Vision, Image, and Signal Processing

Research Themes

Causal reasoning about human activity in video

This work, supported by the UK Ministry of Defence and the Royal Commission for the Exhibition of 1851 demonstrates the first approach to producing high-level descriptions of activity direct from video. For results and more information see the following pages:, and

Gaze-direction estimation in video

This work was funded by the UK MOD and the 1851 Royal Commission. We demonstrate that sequences of low-resolution faces can be used to automatically estimate where people are looking. See some results here.

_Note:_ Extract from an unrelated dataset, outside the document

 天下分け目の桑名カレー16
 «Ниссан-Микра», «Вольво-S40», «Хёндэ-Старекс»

Active Zoom control for intelligent surveillance

With funding from DSTL, The Royal Society and the Edinburgh Research Partnership we have begun an investigation into how high-level descriptions of activity can be used to control sets of Pan/Tilt/Zoom cameras in order to maximise the resolution of imaged targets.

3D LiDAR imaging and interpretation

The 3D Imaging LiDAR system Time-correlated single-photon counting techniques have been applied to time-of-flight, Light Detection And Ranging (LiDAR) and 3D imaging. We have used reversible Jump Markov Chain Monte Carlo (RJMCMC) and other algorithms to acquire and process depth images at short ranges of the order of 1-50 metres, as well as measurements on distributed targets at longer ranges of the order of a 100 metres to a few kilometres. We have also developed 3D object recognition and classification systems based on 3D invariants, pose clustering of surface patches, and using shape signatures derived from the differential properties of object surfaces. These are generic, and have been applied to both LiDAR and other 3D data acquired by scanned Burst Illumination and triangulation systems.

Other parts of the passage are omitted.